En el País Vasco, trabajó el italiano Carlo Fontana (638-1714), que levantó la Basílica de Loyola (1681)
En Andalucía, se usa fundamentalmente el ladrillo recubierto frecuentemente por ricas yeserías, hay dos focos principales, uno en Sevilla, donde trabaja Leonardo Figueroa (1650-1730) cuyas obras más significativas son la Iglesia de San Pablo (1691-1709) y la Iglesia de San Luis (1699-1731) y la portada del Palacio de San Telmo (1724-1734) y el otro foco es Granada donde trabaja Francisco Hurtado Izquierdo (1669-1725), autor de la capilla del Sagrario de la Catedral de Granada (1704) con planta cuadrangular y una exuberante decoración a base de líneas curvas y quebradas y el Sagrario de la Cartuja (1702-1720)donde la decoración se realiza a base de la combinación de mármoles de distintos colores y bronces , se le atribuye también la Sacristía (1727-1764) del mismo edificio, cuya rica y profusa decoración en yeso fue realizada después de su muerte; señalar también a Vicente Acero que en Cádiz, proyectó la Catedral (1720-29). Dentro de la arquitectura industrial es digna de mención la Fábrica de Tabacos (1726-1757) obra de Ignacio Sala y Sebastián van der Beer.

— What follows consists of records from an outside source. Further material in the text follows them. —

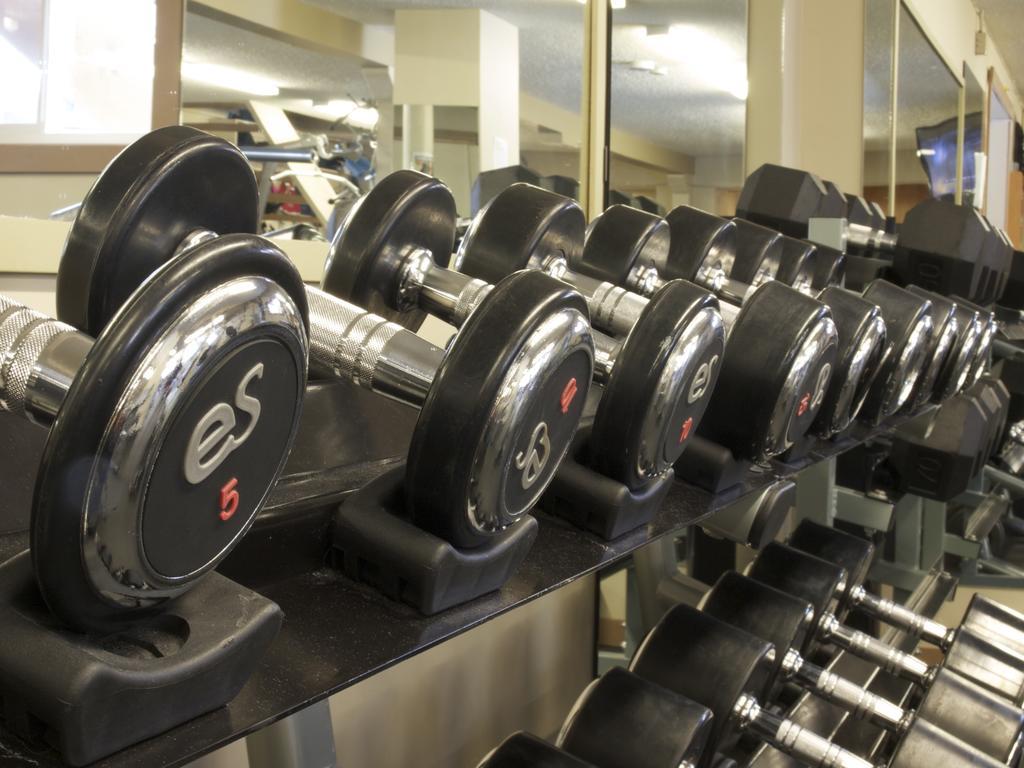 Ypc Fitness & Accomodations Invermere Phòng bức ảnh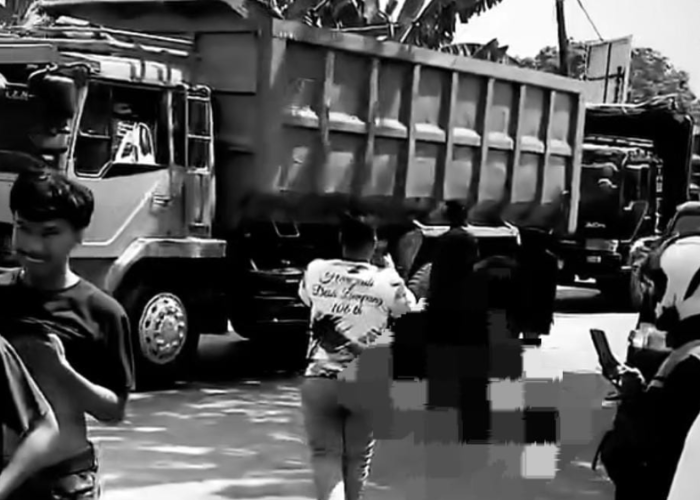 Kernet Pickup Tewas Diserempet Truk di Parung Panjang saat Rapikan Muatan Kayu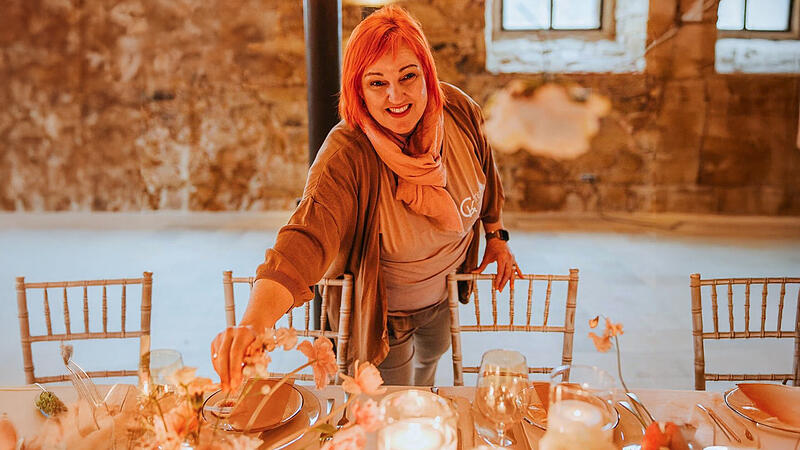 Carolin Kemmermeier arbeitet seit 30 Jahren als Dekorateurin. Pro Jahr begleitet sich circa 150 Brautpaare.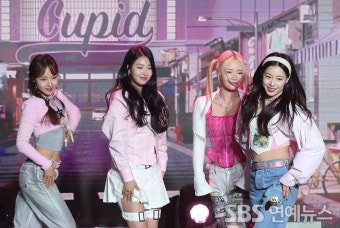 [E포토] 피프티 피프티, '빌보드 핫100 차트인 큐피드'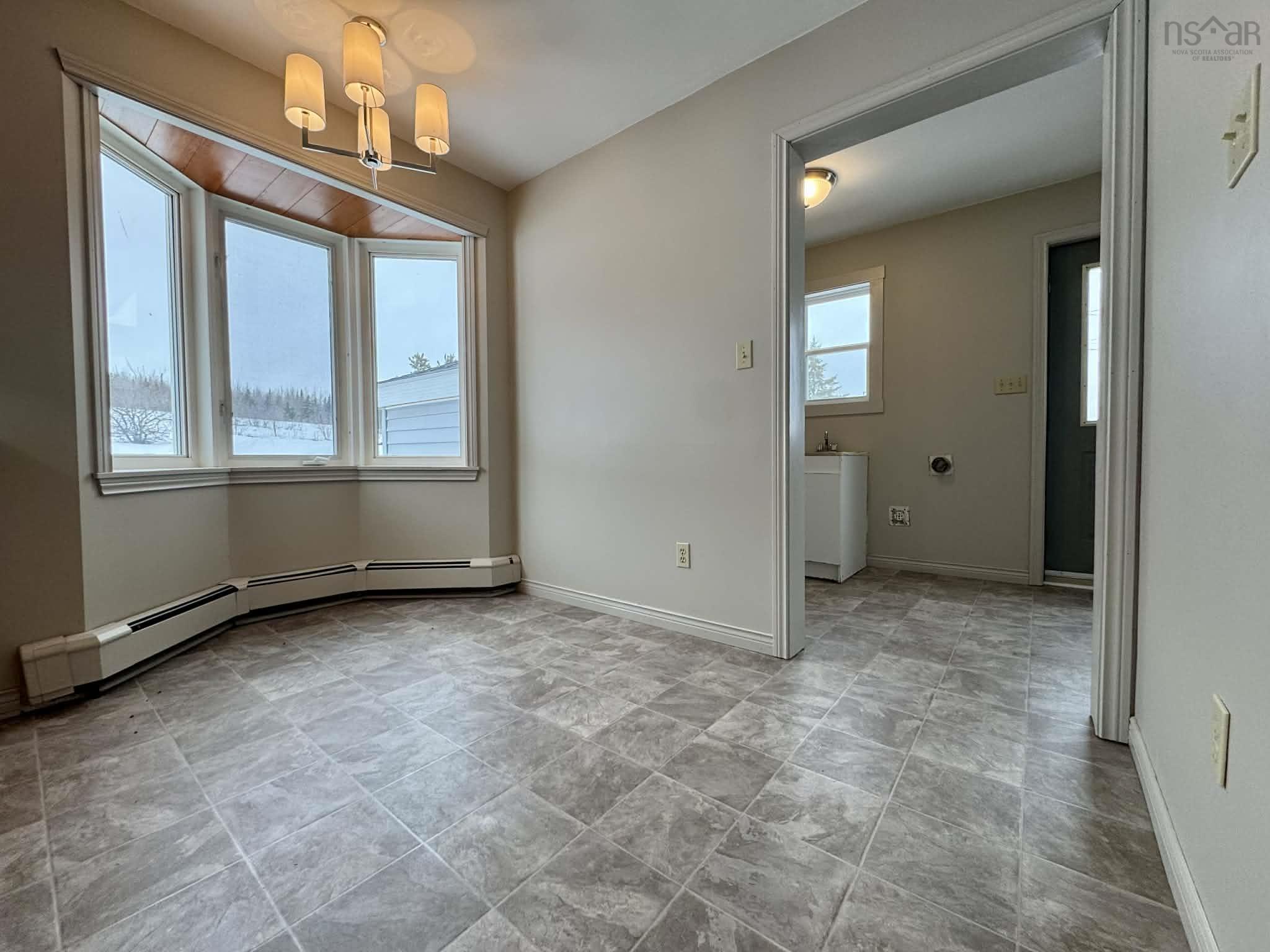 $400,000.00: 395 Mountville Road, Mountville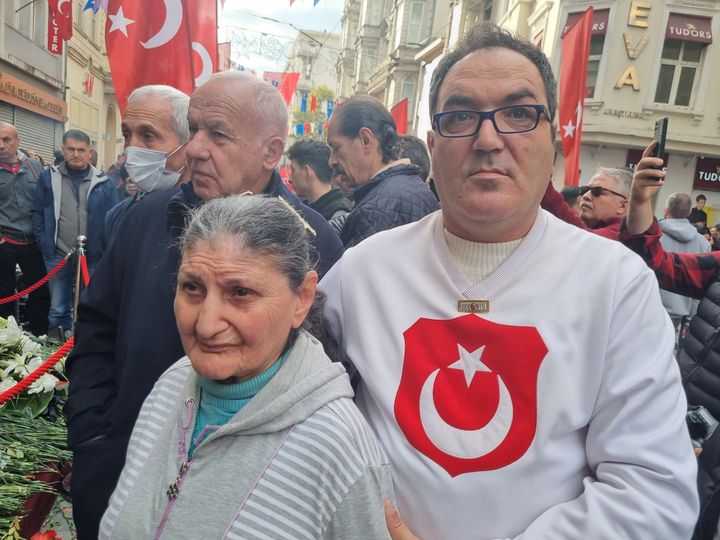 Un homme soutient une vieille dame qui a échappé de peu à l'attentat survenu le dimanche 13 novembre à Istanbul. (Marie-Pierre Vérot)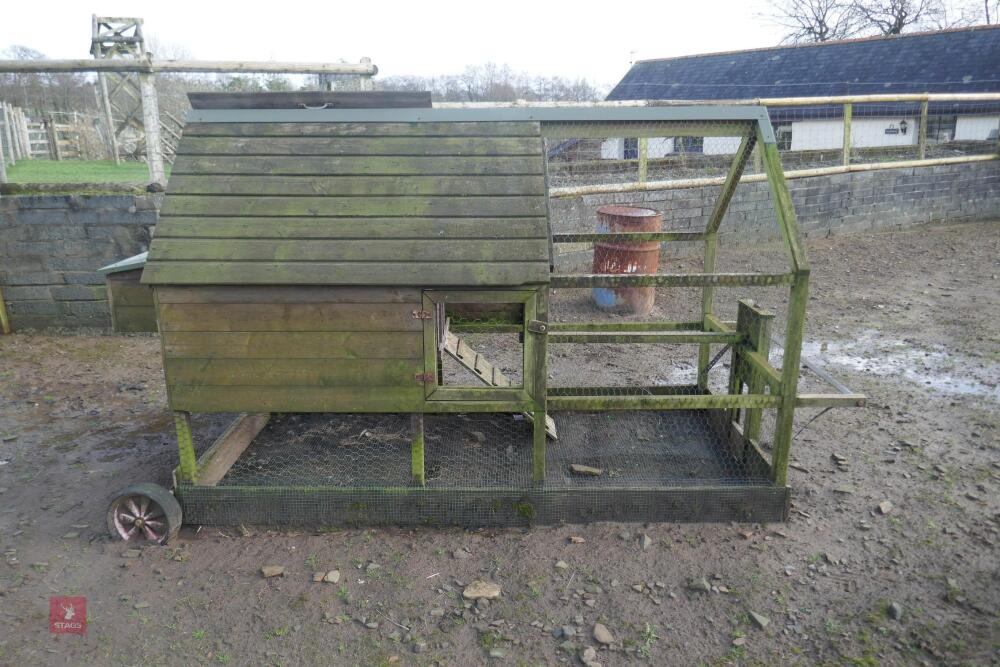 MOBILE POULTRY HOUSE + RUN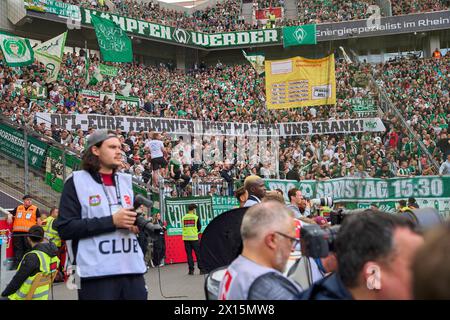 Leverkusen, Germania. 13 aprile 2024. I tifosi del Werder manifestano contro la DFL e il tempo di incontro prima del match BAYER 04 LEVERKUSEN - SV WERDER BREMA 5-0 il 14 aprile 2024 a Leverkusen, in Germania. Stagione 2023/2024, 1.Bundesliga, giorno 29, 29.Spieltag credito: Peter Schatz/Alamy Live News Foto Stock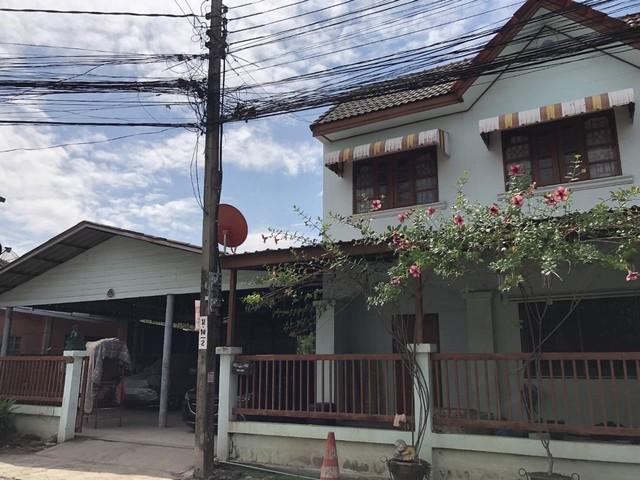 ขายด่วนทาวน์เฮ้าส์ 2 ชั้น เดิมม.ศรีทับทิม ต.บางพูด อ.ปากเกร็ด จ.นนทบุรี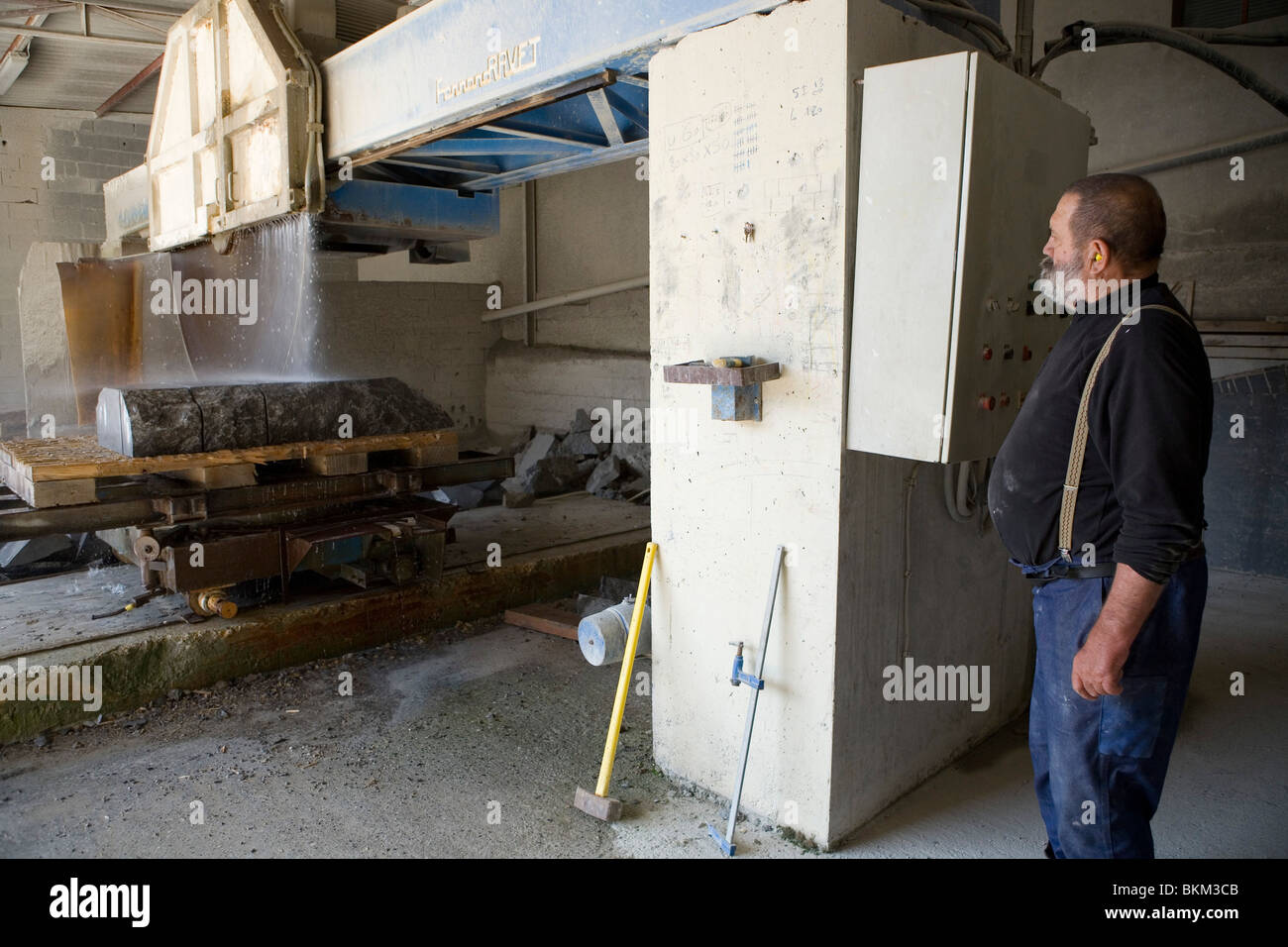 Pierre, ein Steinmetz, zeigt sein Handwerk in seiner Werkstatt im Steinbruch von Entrevaux, Französische Alpen Stockfoto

En la zona levantina, ya en el siglo XVIII se construye la fachada de la Catedral de Valencia (1703) obra de Conrado Rudolfo (+ 1732) autor de origen alemán, esta fachada cóncava, en un espacio muy pequeño rompe con la tradición hispana, Jaime Bort (+1754) realiza la fachada de la Catedral de Murcia (1736-1753) planteada como un gran retablo con planos curvados y ornamentación rococó y la fachada del palacio del Marqués de Dos Aguas (1740-1744), ondulante y profusamente decorada.
El último periodo que se desarrolla a lo largo del S. XVIII se caracteriza por reunir un grupo de construcciones en el que se mezclan las influencias italianas y francesas, sin ninguna conexión con el estilo del periodo anterior.
Se inicia con la obra de Teodoro Adermans (1664-1725) el Palacio de San Ildefonso de la Granja (1721), que plantea un esquema cuadrangular con torres, posteriormente fue modificado por Juvara y Sachetti (1736) responsables de la fachada principal, que sigue el modelo de Versalles con extensos jardines de trazado geométrico y fuentes.
Juan Bautista Sachetti modificó el proyecto de Juvara para el Palacio Real de Madrid, comenzado en 1734, reduciendo sus dimensiones y aumentando su altura, un cuerpo sirve de basamento, en forma de alto zócalo almohadillado y en el cuerpo principal con dos pisos de ventanas se alternan columnas y pilastras de orden gigante, coronándose el edificio con una balaustrada. De planta cuadrada, con salientes en los ángulos, gran patio central y un saliente en la fachada posterior correspondiente a la capilla.
El italiano Santiago Bonavia (+1759) remodeló el Palacio de Aranjuez (1748) y Francisco Sabatini (1722-1797) amplió el Palacio del Pardo (1772), anticipando el neoclasicismo.
Francisco Carlier(+1760), construye la Iglesia de las Salesas Reales (1750-58), con una fachada sencilla pero una rica ornamentación interior.